The leading index is designed to gauge how the economy might behave in the next three to four months. Typically, when this forward-looking indicator deteriorates, the coincident index, which reflects current economic conditions, follows the same trajectory within a few months. This time has been different. While the leading index has been falling sharply since July 2022, the coincident index has remained stubbornly positive.
The U.S. Economy Has Been Resilient
(Fig. 1) Leading indicators vs. coincident indicators
Key factors that have supported the economy remain in play. U.S. consumers still have excess savings to spend. They have also benefited from falling inflation—especially in energy costs—and low unemployment. Manufacturing activity also appears to be stabilizing, as bloated inventories have declined to normal levels. Further, despite elevated mortgage rates, housing construction is picking up in response to low supply.
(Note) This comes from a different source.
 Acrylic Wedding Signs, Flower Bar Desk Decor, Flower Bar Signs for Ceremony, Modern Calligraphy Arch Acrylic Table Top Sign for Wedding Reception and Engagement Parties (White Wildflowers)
Still, caution is warranted. The lagged effects of higher interest rates and tighter bank credit conditions could weigh meaningfully on economic activity. In this uncertain environment, the healthy yield offered by high yield bonds could provide a buffer for investors (Figure 2).
High yield bonds tend to be sensitive to economic events. However, they currently offer attractive yields, and active security selection could help to identify issuers with elevated interest coverage ratios and low leverage ratios that might suffer less in a recessionary scenario. As a result, our Asset Allocation Committee is overweight to high yield bonds. We believe the asset class offers an attractive risk/reward trade-off in the current environment.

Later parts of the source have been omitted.